Conseils contre le stress au travail
Pour les travailleurs :
- Prévoyez du temps pour bien vous concentrer afin d’avancer sur vos tâches.
- Gardez le besoin de se détendre à l’esprit, et faites de ces moments de jeu des moments de connexion.
- Reposez-vous à temps, gardez une bonne alimentation et faites régulièrement de l’exercice.
Pour les responsables d’entreprise :
- Mettez l’accent sur l’aspect humain avec les collaborateurs, par exemple en organisant une évaluation continue dans les deux sens.
- Faites en sorte que l’objectif de l’entreprise et le but du travail soient bien clairs dans l’esprit des collaborateurs, pour les motiver.
- Déconnectez un peu en vous concentrant sur les points forts de votre entreprise et en jetant (temporairement) du lest.
- Utilisez votre réseau pour trouver du soutien.
- Restez positif et envisagez l’avenir avec confiance.
- Travaillez avec des listes de priorités et apprenez à vous détacher de choses moins importantes.
Réaction de l’experte Sylvie Bracqué au récit de Heidi
Un cerveau en bonne santé pour éviter le stress
Le stress au travail n’est pas anormal. « Cela crée une substance dans votre corps qui vous donne un coup de boost et vous permet d’affronter davantage de choses », précise Sylvie Bracqué, coach en ressources humaines.
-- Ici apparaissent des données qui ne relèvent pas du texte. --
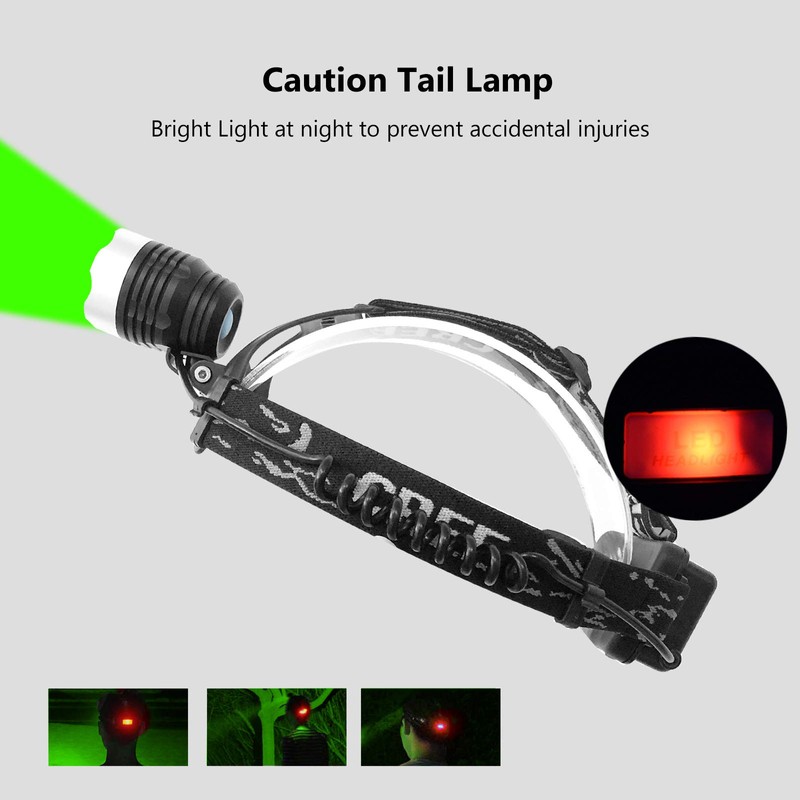 Miular Green Light Headlamp Flashlight 3 Modes Led Hunting Headlight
Ce n’est que lorsqu’on ne récupère pas assez et qu’on ressent ce stress pendant trop longtemps, qu’il devient chronique et a un effet négatif sur le bien-être.
« Votre corps vous envoie des signaux : vous êtes par exemple plus rapidement fatigué, vous avez des migraines et ressentez des tensions, vous dormez moins bien. Cela peut se traduire par un changement de comportement, comme des sautes d’humeur ou des problèmes de concentration. »
Le stress diffère d’une personne à l’autre, ce qui fait qu’il n’est pas toujours évident pour les employeurs de savoir quand un collaborateur risque de se retrouver dans une impasse. « Chaque corps est différent », confirme Sylvie. « En outre, les gens ont tendance à continuer à travailler quand les choses vont mal, ou alors ils nient le fait qu’il se passe quelque chose. Et quand ils trouvent enfin le courage de tirer la sonnette d’alarme, il est souvent trop tard. Voilà pourquoi c’est une bonne idée de renforcer les gens et de les informer sur ce qu’ils peuvent faire pour améliorer leur résistance au stress. »
Outre le stress, le burn-out, les conflits et même – en de plus rares occasions – le harcèlement et le suicide sont d’autres risques psychosociaux que l’on peut rencontrer au travail. Ils perturbent le bien-être des travailleurs individus et peuvent peser sur l’ambiance de groupe. Se rendre au travail devient alors tout, sauf un plaisir.